Sounds like fun, right? Not. Hear me out though.
I stuck with it, and it was uncomfortable and my mind wandered. A lot. But when I realized what was going on I gently dismissed the thought and got back to concentrating on whatever body part we were focused on. While there was no out of body experience, I did notice that my day went better and I started becoming more aware of lovely moments in my life that I was usually too busy to enjoy. Like standing on the street corner in the cool rain waiting for the pedestrian crossing light to change and feeling the damp, cold air on my cheeks and how bracing and wonderful the very air in my nose and throat was. Yeah…good stuff.

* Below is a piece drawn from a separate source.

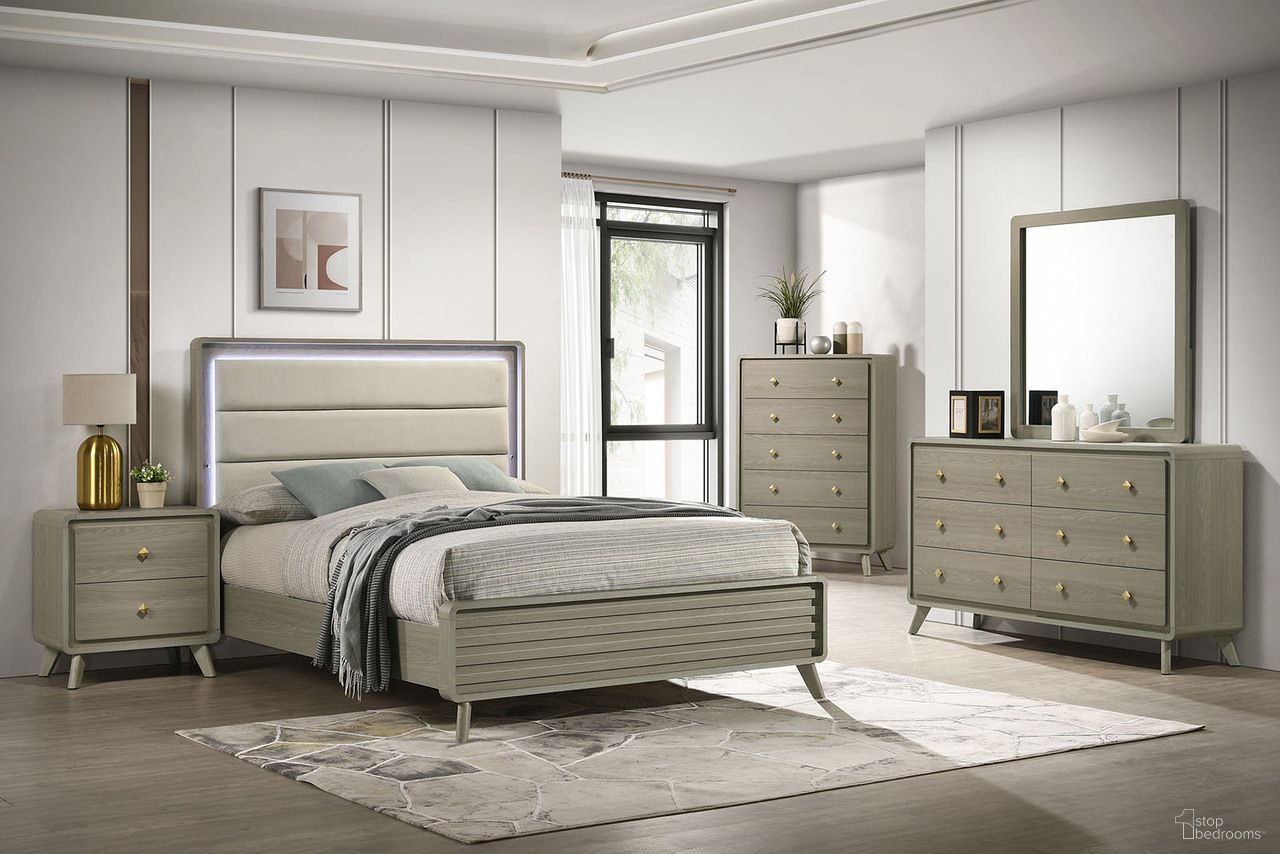 Rainier Queen Bed In Gray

Enter today, my last day of Week 1. I decided to change it up today and lay on my rug in the solarium in the sunshine. The floor was hard and immediately I thought, “Oof, this isn’t going to work.” I could feel pressure points in my body already. I closed my eyes and pushed play anyway. At first, I was distracted by a pink light in front of my eyes and I could see the veins and dots in my eyelids. Gross, go away. But as I began to focus on my big toes the veins went away and the light became white.
I found, for the first time that I could connect with each part of my body. I have ankles! I focused wholly on them. I wasn’t antsy or in a hurry. In fact, I had a few moments where I thought, “No Dave, slow down!” I was fully immersed even though there were parts of me that were growing stiff and sore, those parts quieted when I was focused elsewhere in my body. My boyfriend was in the kitchen (the next room) making breakfast and even his movements didn’t disturb me. A few times a Sheltie nose brushed my hand looking for pets, but even she didn’t bother me. (Don’t worry, she was pet a lot when I finished.) My mind still wandered, but as soon as I noticed I brought my focus back to my body, without an internal admonishment and kept going. I was disappointed when it was over. In fact, I might do it again later.
This mindfulness stuff isn’t half bad. Now if you will excuse me I am going to go make a fully aware cup of tea and sip it noting the way the coconut and vanilla flavors swirl around my mouth as I think of all of the things that helped get that tea to me.